Measuring the fear of Ebola

University at Buffalo researcher Janet Yang is studying the public perception of Ebola and how to improve communication about the virus.

UB researcher uses NSF grant to assess America’s perception of Ebola and improve communication about the virus

Release Date: November 24, 2014

Janet Yang, assistant professor, Department of Communication

“The findings may improve the design of messages related to risk issues that are perceived to be psychologically distant from the American public.”
Janet Yang, assistant professor,
Department of Communication

BUFFALO, N.Y. – Although much of the panic surrounding Ebola has quelled, a recent Gallup poll found that Ebola is among American’s top three health concerns, provoking more fear than cancer and obesity.

It is fear that can be attributed to the virus breaching U.S. soil, says Janet Yang, assistant professor in the University at Buffalo Department of Communication.

In a new study, supported by an $84,110 Rapid Response Research grant from the National Science Foundation, Yang will survey how the public’s view on Ebola is influenced by their emotional and cognitive responses to the outbreak.

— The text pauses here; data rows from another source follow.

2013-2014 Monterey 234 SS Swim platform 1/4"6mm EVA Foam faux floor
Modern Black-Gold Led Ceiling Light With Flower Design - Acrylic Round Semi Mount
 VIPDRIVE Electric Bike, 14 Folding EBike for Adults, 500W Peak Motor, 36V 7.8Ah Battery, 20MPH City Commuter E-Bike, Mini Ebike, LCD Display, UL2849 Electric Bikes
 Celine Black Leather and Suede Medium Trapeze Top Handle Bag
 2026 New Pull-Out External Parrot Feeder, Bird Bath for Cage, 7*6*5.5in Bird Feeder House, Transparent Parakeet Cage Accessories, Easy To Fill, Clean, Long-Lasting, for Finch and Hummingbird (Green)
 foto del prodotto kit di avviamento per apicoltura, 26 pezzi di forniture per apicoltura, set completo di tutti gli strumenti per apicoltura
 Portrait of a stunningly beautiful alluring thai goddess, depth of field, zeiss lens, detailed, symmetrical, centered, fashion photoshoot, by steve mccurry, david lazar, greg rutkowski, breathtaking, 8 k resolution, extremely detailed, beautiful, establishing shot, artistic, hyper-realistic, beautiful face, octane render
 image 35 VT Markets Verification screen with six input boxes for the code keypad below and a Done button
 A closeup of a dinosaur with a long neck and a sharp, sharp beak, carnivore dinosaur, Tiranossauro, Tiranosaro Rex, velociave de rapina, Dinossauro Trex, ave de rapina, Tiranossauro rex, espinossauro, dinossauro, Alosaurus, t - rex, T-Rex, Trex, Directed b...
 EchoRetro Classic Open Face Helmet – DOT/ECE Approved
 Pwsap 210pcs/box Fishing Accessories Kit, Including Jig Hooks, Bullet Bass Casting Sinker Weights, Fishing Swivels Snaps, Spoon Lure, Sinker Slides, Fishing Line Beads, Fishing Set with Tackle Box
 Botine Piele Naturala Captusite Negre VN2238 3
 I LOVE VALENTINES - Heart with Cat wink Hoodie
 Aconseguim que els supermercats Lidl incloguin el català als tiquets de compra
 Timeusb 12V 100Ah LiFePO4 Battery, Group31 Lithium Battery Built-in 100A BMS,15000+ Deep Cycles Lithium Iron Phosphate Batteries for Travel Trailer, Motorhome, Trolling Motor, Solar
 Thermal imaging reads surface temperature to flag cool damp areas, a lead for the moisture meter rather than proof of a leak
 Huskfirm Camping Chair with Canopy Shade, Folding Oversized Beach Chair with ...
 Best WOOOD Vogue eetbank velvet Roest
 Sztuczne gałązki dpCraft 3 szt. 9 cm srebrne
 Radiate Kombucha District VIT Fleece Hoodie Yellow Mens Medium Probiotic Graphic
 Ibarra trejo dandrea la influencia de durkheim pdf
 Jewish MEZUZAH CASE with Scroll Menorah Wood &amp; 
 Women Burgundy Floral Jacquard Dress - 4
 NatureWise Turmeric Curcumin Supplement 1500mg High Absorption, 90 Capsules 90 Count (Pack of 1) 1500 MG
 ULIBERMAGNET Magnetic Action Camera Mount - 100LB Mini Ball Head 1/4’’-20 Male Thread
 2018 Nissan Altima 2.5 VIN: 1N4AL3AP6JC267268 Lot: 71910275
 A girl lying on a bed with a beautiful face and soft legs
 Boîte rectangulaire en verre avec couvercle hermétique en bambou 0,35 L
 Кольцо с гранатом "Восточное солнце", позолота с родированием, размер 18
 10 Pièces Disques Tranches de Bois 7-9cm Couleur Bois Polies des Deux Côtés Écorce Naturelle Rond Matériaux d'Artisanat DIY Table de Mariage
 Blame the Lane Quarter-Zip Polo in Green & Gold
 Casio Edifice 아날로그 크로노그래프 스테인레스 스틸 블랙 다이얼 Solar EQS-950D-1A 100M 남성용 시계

She will also examine how people share and receive medical information, and gauge how willing they are to support government initiatives to fight the virus.

While the fear of contracting an illness can drive people to receive routine tests or eat healthily, it can also lead to irrational behavior and the spread of misinformation.

“One of the reasons people are paying attention to the outbreak is because of how close and frightening it appears,” says Yang.

“The public’s perception of risk comes from a reduction in psychological distance. When we didn’t have any confirmed cases, people were less concerned that they themselves would be affected.”

Yang's study will examine data from 1,000 participants sampled through a survey. Subjects were randomly assigned to two experimental conditions: one that emphasized there are people infected with Ebola in the U.S., and another that stressed the opposite.

Yang will draw conclusions from the data using theory from social psychology and risk communication.

“The findings may improve the design of messages related to risk issues that are perceived to be psychologically distant from the American public — issues such as climate change and overpopulation,” says Yang.

The data may also inform public policy on risk-related issues, promote an appropriate public response and prevent panic grounded in misinformation, adds Yang.